> [Activity] From the first line to the last, output the data exactly as it stands, minus its pictures.

━━━ Provided information

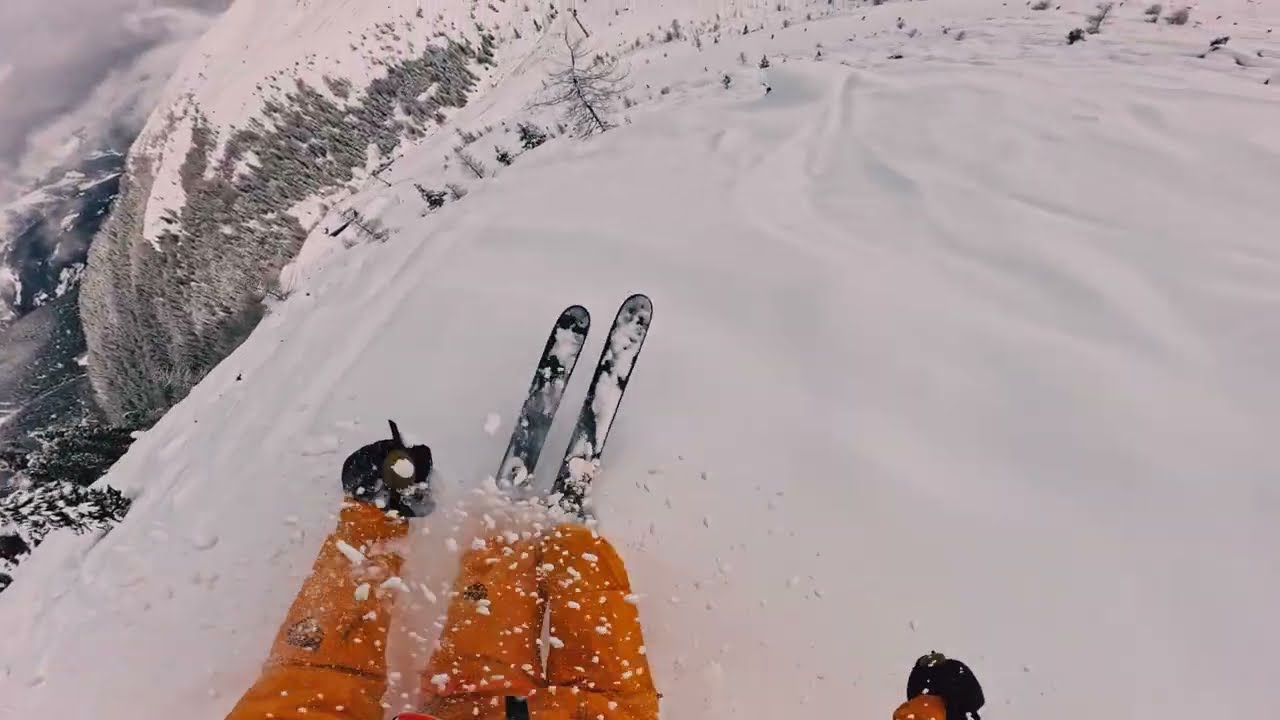 Coloring Life - An attempt on a Ski movie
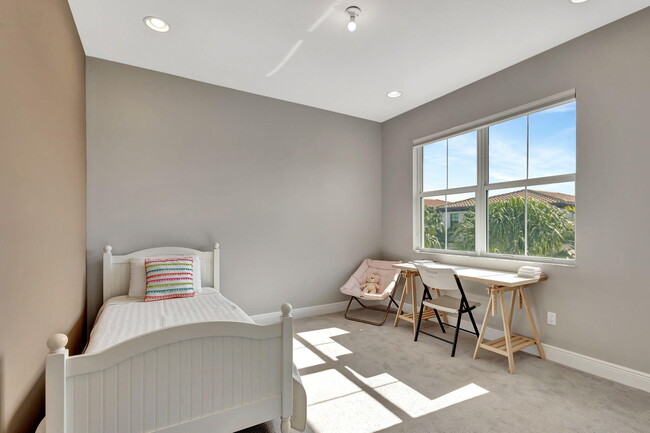 Building Photo - 13325 Machiavelli Way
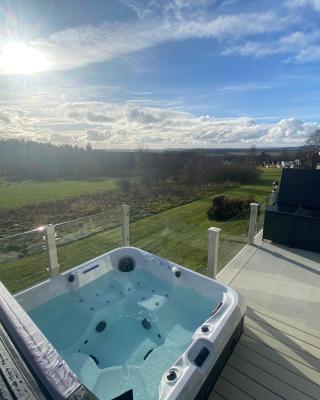 Hot Tub Lodge with Panoramic Views & Free Golf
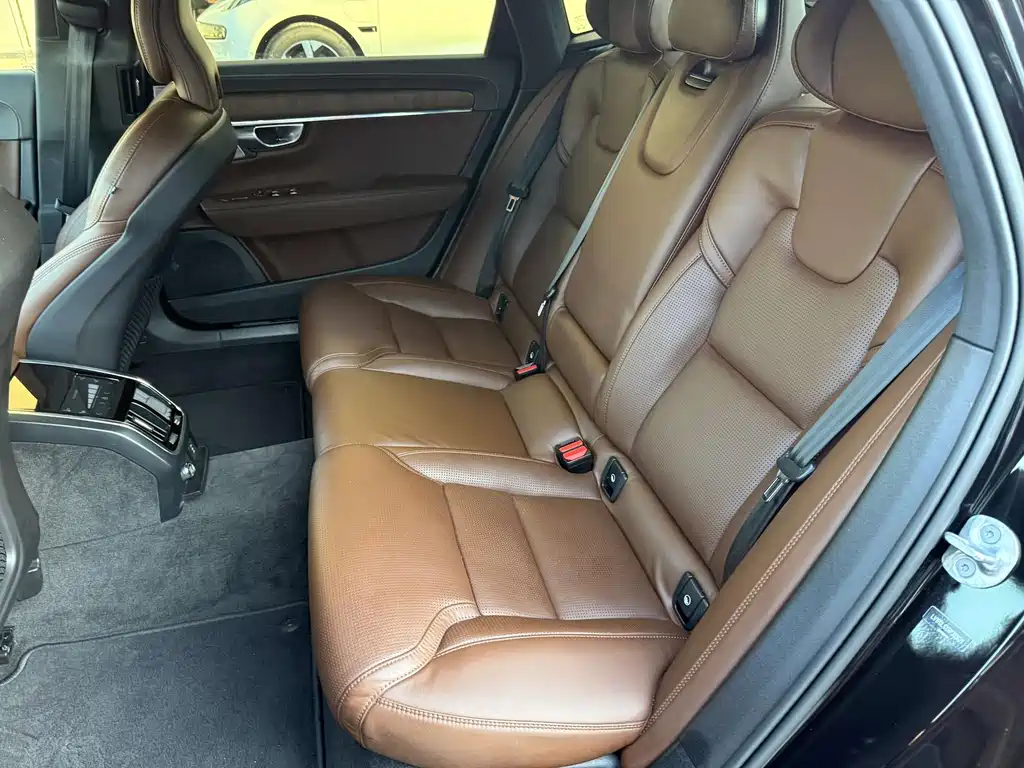 Volvo S90 — миниатюра 19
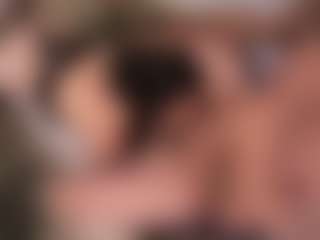 EmilyThickum's Live Sex Cam Show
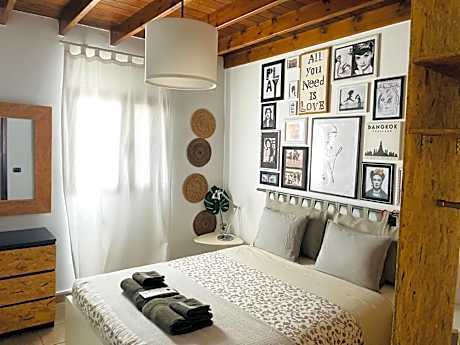 Double Room with Shared Bathroom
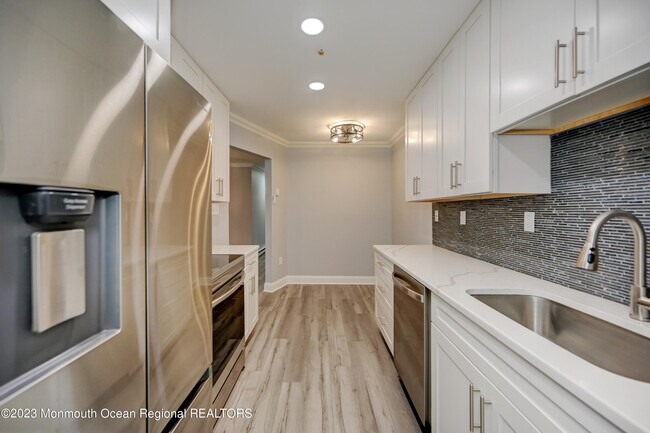 Building Photo - 58 Amberly Dr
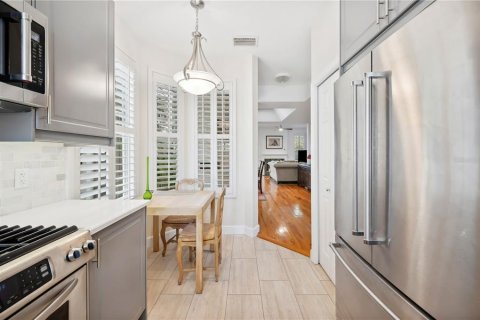 Condominio en venta en Tampa, Florida, 3 dormitorios, 162.95 m2 № 1557724 - foto 7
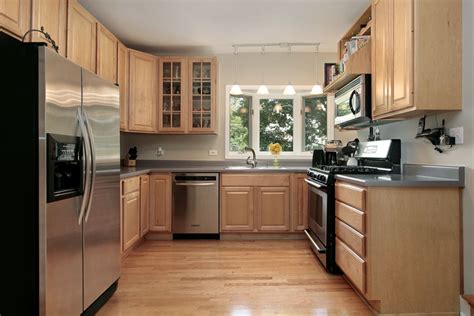 What Color Flooring Goes Best With Light Oak Cabinets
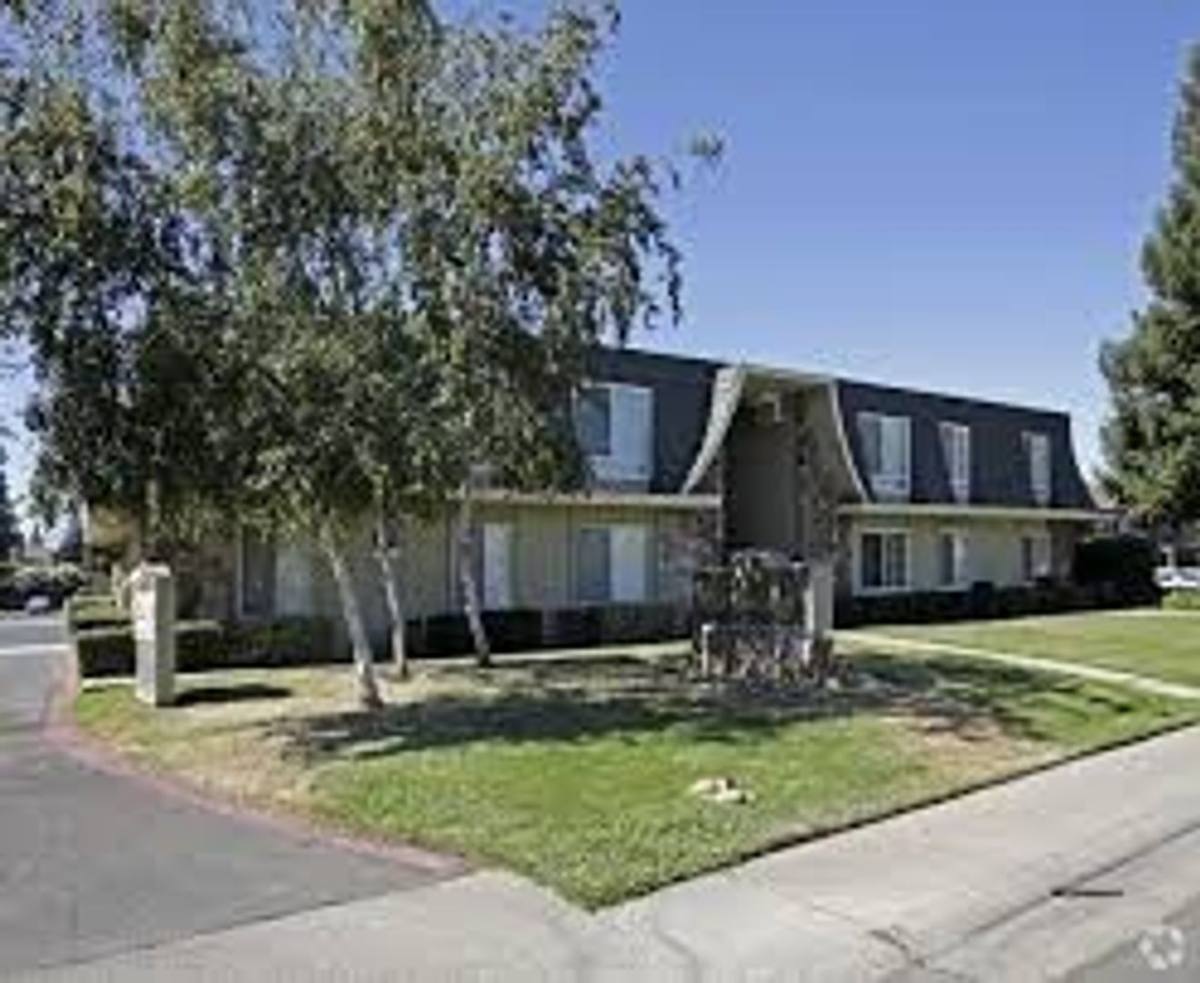 Apartment for rent at 9230 Kiefer Blvd, Sacramento, CA 95826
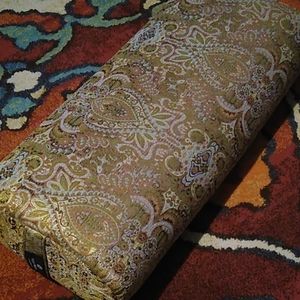 new Hugger mugger bolster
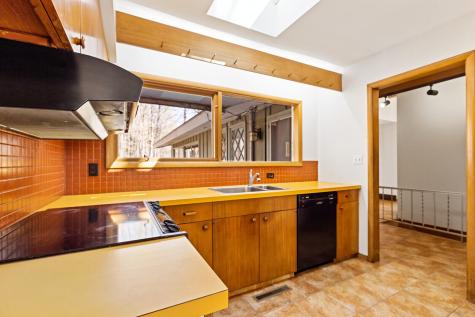 377 Readfield Road Manchester ME 04351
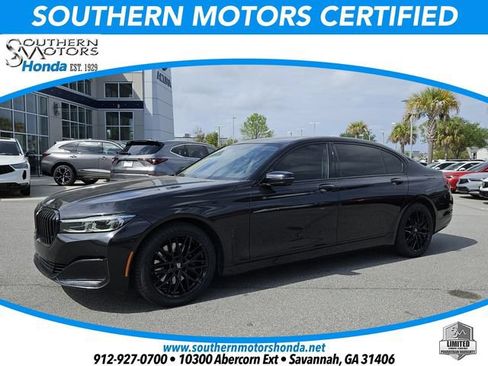 Used 2022 BMW 740i w/ Premium Package RWD image 1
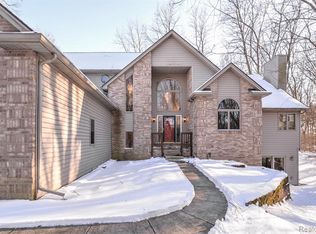7844 Winans Lake Rd, Brighton, MI 48116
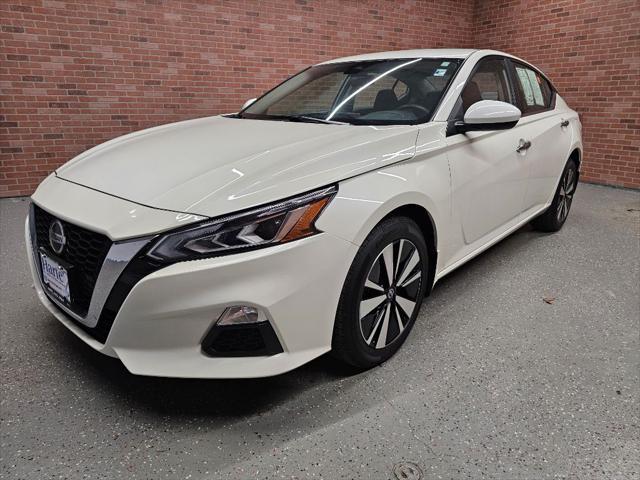 used 2021 Nissan Altima car, priced at $20,000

━━━━━━

> [Solved exercise]
 Coloring Life - An attempt on a Ski movie
 Building Photo - 13325 Machiavelli Way
 Hot Tub Lodge with Panoramic Views & Free Golf
 Volvo S90 — миниатюра 19
 EmilyThickum's Live Sex Cam Show
 Double Room with Shared Bathroom
 Building Photo - 58 Amberly Dr
 Condominio en venta en Tampa, Florida, 3 dormitorios, 162.95 m2 № 1557724 - foto 7
 What Color Flooring Goes Best With Light Oak Cabinets
 Apartment for rent at 9230 Kiefer Blvd, Sacramento, CA 95826
 new Hugger mugger bolster
 377 Readfield Road Manchester ME 04351
 Used 2022 BMW 740i w/ Premium Package RWD image 1
7844 Winans Lake Rd, Brighton, MI 48116
 used 2021 Nissan Altima car, priced at $20,000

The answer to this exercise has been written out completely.